Die nachstehende Arbeitstransskription der in der Österreichischen Nationalbibliothek (Sammlung von Handschriften und Alten Drucken) in 11 Manuskriptbänden aufbewahrten Tagebücher des gräflich Esterházyschen Sekretärs Joseph Carl Rosenbaum (1757-1829) wurde vom Autor ursprünglich für private Zwecke als Findhilfe für architekturgeschichtliche Recherchen angefertigt, um das digitale Auffinden von Personen und Zusammenhängen zu erleichtern, die im Zusammenhang mit der Arbeit am „Architektenlexikon Wien 1770-1945“ relevant wurden. Es handelt sich demnach lediglich um eine Findhilfe, keineswegs aber um eine wissenschaftlichen Ansprüchen genügende Edition. Diesem Primärzweck entsprechend, weicht die Transskription vom Originaltext in folgenden Details ab:
Rosenbaums biedermeierliche Schreibweise wurde modernisiert, seine Syntax jedoch weitgehend beibehalten; seine nicht immer eindeutige Interpunktation (mittels Bindestrichen) jedoch durch die heute gebräuchliche ersetzt.

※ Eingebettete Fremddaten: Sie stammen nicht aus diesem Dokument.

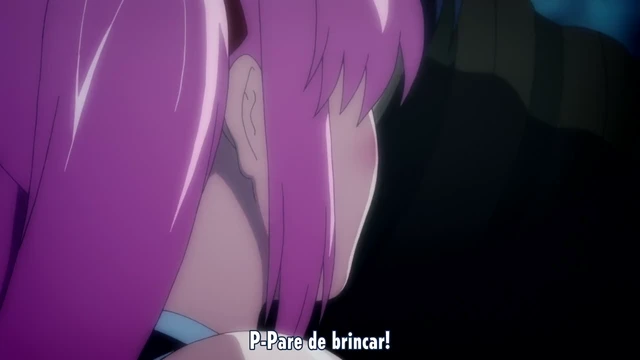 Episódio 10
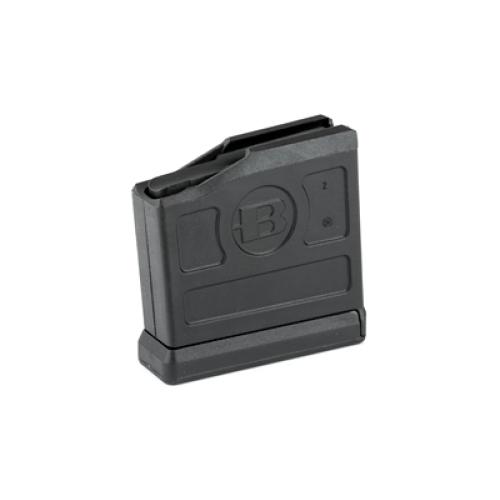MAGAZINE AICS 308WIN/6.5CR 5RD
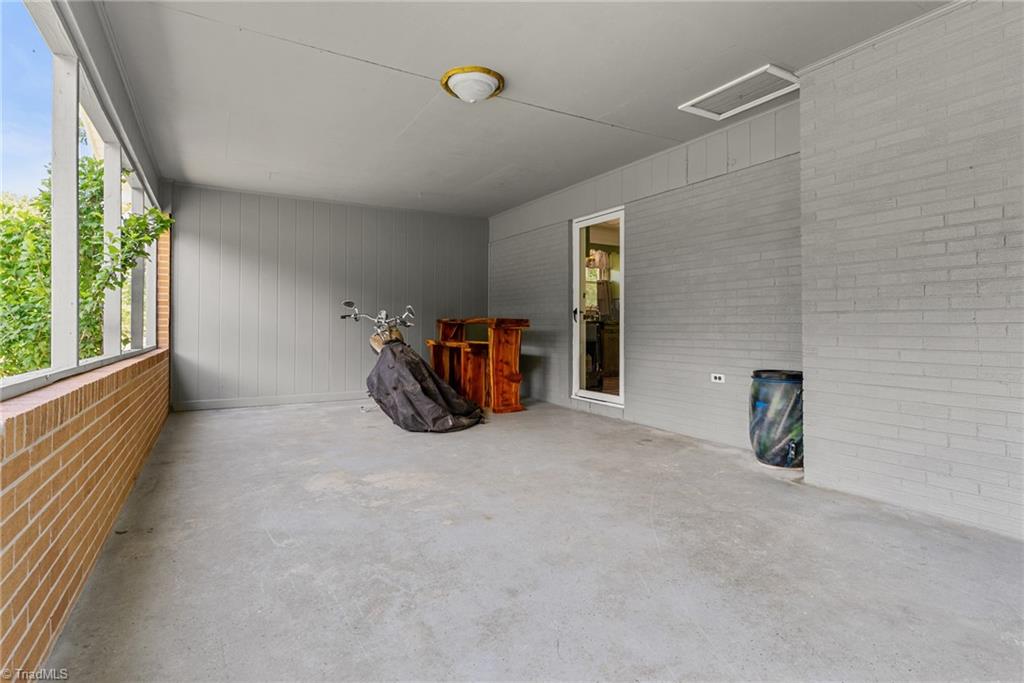 78 Stardust Lane Property Photo 18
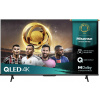 Hisense E7Q PRO 50E7Q PRO 127 cm (50 Hisense E7Q PRO 50E7Q PRO 127 cm (50
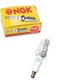 NGK 4323 BR6FS Standard Spark Plug for T20R-U15 T20R-U RV8C RBL8 R43T R43CT hl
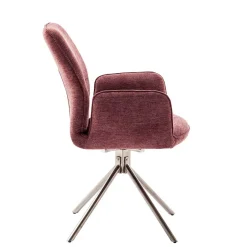 Armlehnstühle*Pharao24 Esstischstuhl Set Pacentra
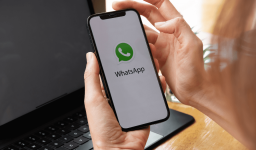 Como a Automação de WhatsApp Pode Aumentar o Faturamento da Sua Empresa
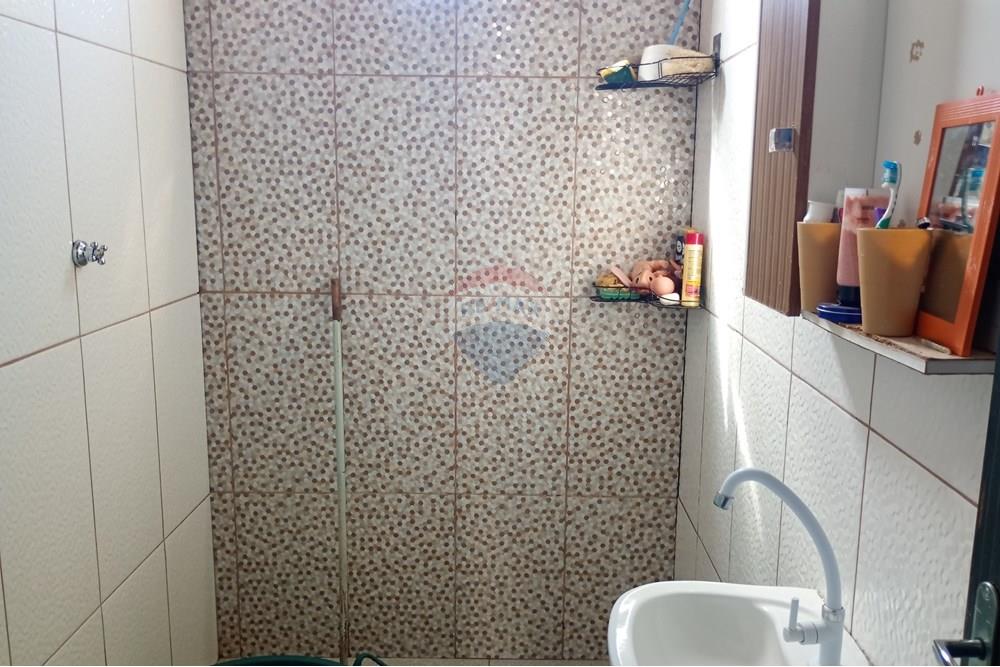 Casa - Venda - Confresa , Mato Grosso - IMG_20250627_135421425_MFNR.jpg - 720641043-5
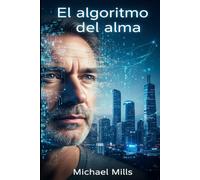 El Algoritmo del Alma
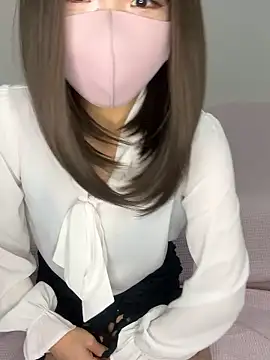 reina 00121 online show from October 17, 12:36 am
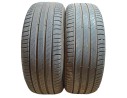 NEUMATICO 205/60 R17 93W 2 MICHELIN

Innerhalb der einzelnen Tageseintragungen wurden die gelegentlich vorkommenden Wiederholungen ein und desselben Sachverhaltes zusammengezogen.
Die von Rosenbaum ausgeschriebenen Wochentagsnamen wurden weggelassen, da mit dem Datum des jeweiligen Tageseintrags redundant. Dieses wurde im Format Jahr / Monat / Tag wiedergegeben. Die Bezeichnungen von Feiertagen wurden beibehalten. •Die ab etwa 1816 stereotyp wiederkehrenden Notizen zum täglichen Wetter und zum jeweiligen Programm der Hoftheater und des Theaters an der Wien wurden an den Beginn des jeweiligen Tageseintrages gerückt.
Bei Personennamen, deren Schreibweise bei Rosenbaum nicht selten variiert, wurde eine einheitliche und möglichst dokumentarisch belegte Schreibweise angewendet.
Fragliche Lesungen von Personen-, Ortsnamen u. dgl. wurden durch nachgestellte Fragezeichen (?) gekennzeichnet, Rosenbaumsche Abkürzungen entweder ausgeschrieben oder ihre wahrscheinliche Ergänzung in eckige Klammern gesetzt. Abgesehen davon wurde auf möglichste inhaltliche Vollständigkeit der Textwiedergabe geachtet. Kleinere Auslassungen und Tippfehler sind bei einer manuellen Eingabe von rund 9 Millionen Zeichen trotz aller Sorgfalt nicht ganz auszuschließen. Wem aber mit der raschen Auffindbarkeit von Personen, Orten, Sachbegriffen etc. gedient ist, ist eingeladen, sich dieser Ressource zu bedienen.
Der Autor ersucht lediglich um Einhaltung der üblichen Zitierungsusancen (siehe obenstehender Titel oder abgekürzt, z B. in Fußnoten Datum des zitierten Eintrages, bzw. bei Einträgen ohne Datum mit Band und pagina).